NASH is a condition of fat deposition and inflammation of the liver. It is the second largest cause of advanced liver disease. In the next decade, NASH will surpass hepatitis C to become the most common reason for liver transplant. It is also a significant risk factor for cardiovascular morbidity and mortality. The World Gastroenterology Organization estimates mortality rates among NASH patients of 1.6-6.8% for advanced liver disease, and 12.6-36% for cardiovascular disease.

 

Who has NASH?

  

In a cohort of U.S. adults, NASH was confirmed by histology in 12.2%.  It is similarly prevalent in Europe and Japan, as well as in developing nations such as China and India.

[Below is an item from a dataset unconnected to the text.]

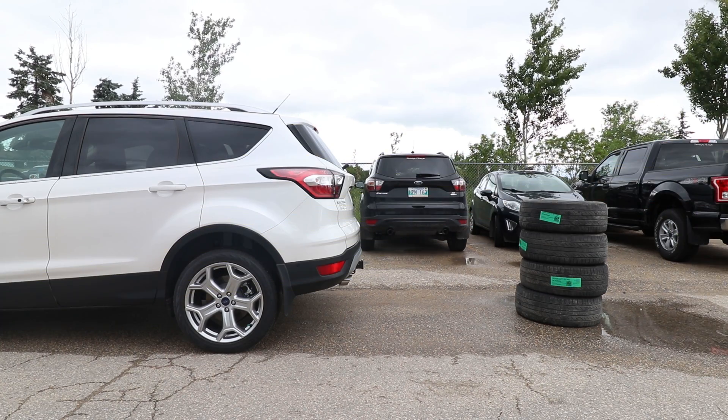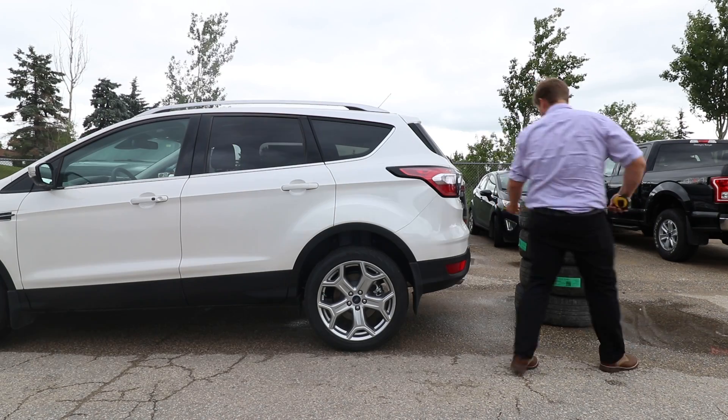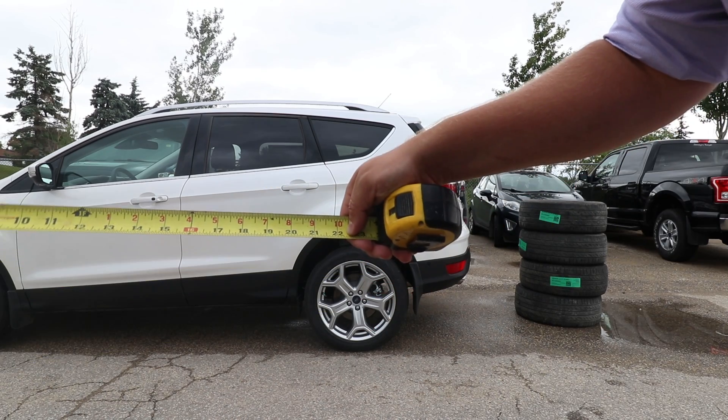Alright, next let's head into the yellow zone. Somewhere around two feet, just under two feet.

But few people know they have NASH.

 

Type 2 diabetes (T2D), obesity, hypertension and dyslipidemia are each associated with increased NASH prevalence. It is associated with consumption of a Western diet high in fructose and polyunsaturated fats. The risks of NASH progression and mortality increase in older patients and in patients with comorbid T2D. NASH can be found in people without any known risk factors.

 

How is NASH treated?

 

No drugs have regulatory approval for NASH.

 

Several available drugs were tested in NASH patients.

  • High-dose vitamin E improves liver histology in non-diabetic adults with NASH, but is not recommended to treat NASH in diabetic patients.

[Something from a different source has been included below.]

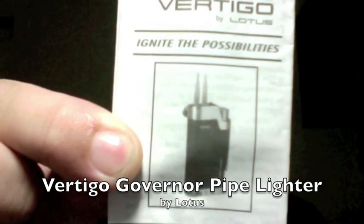Hello YouTubers, this time I want to make a quick video of an interesting item I bought for my collection of pipe smoking. It is the Vertigo by Lotus pipe lighter.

  • Pioglitazone, a T2D medication, can be used to treat NASH. The clinical trials that investigated pioglitazone for NASH treatment enrolled mostly non-diabetics and did not establish long-term safety and efficacy in NASH patients.

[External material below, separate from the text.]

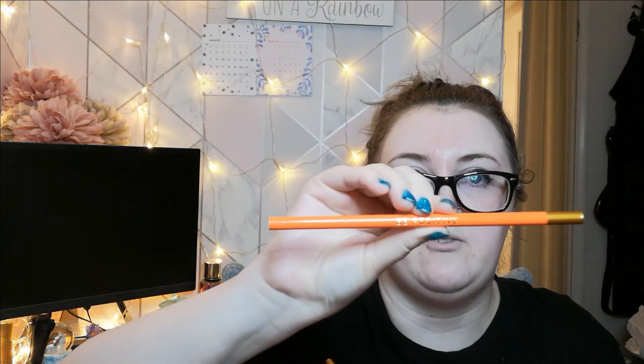Then we have a bright orange one that says 'Be Positive', and a green one — like an army green — that says 'Be Brave'. They're quite cute actually, and they've all got little gold tips at the end. I quite like that.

  • Metformin, the most commonly prescribed T2D medication has no significant effect on liver histology, and is not recommended as treatment for NASH.

  • Dietary supplements are either not recommended (ursodeoxycholic acid), or don’t yet have sufficient evidence of benefit (omega-3 fatty acids), for NASH.

 

Among drugs in development, the most advanced is obeticholic acid. It is expected to start Phase 3 clinical trials in 2015.

 

How will Sparrow Pharmaceuticals differentiate our NASH product?

 

Most drugs in development target the late stages of NASH, when extensive fibrosis or cirrhosis is present. There is particular need for novel drugs with potential to reverse the earlier stages of steatosis and inflammation, preventing progression to late stage disease. Our Phase 2-ready drug candidate has potential to reverse steatosis and inflammation in earlier stages of NASH.

 

Most drugs in development do not have independent benefit for T2D, which is comorbid in many NASH patients. There is particular need for novel drugs with potential to treat both NASH and T2D. A compound with the same mechanism of action as our Phase 2-ready drug candidate showed clinical efficacy similar to current branded T2D medications.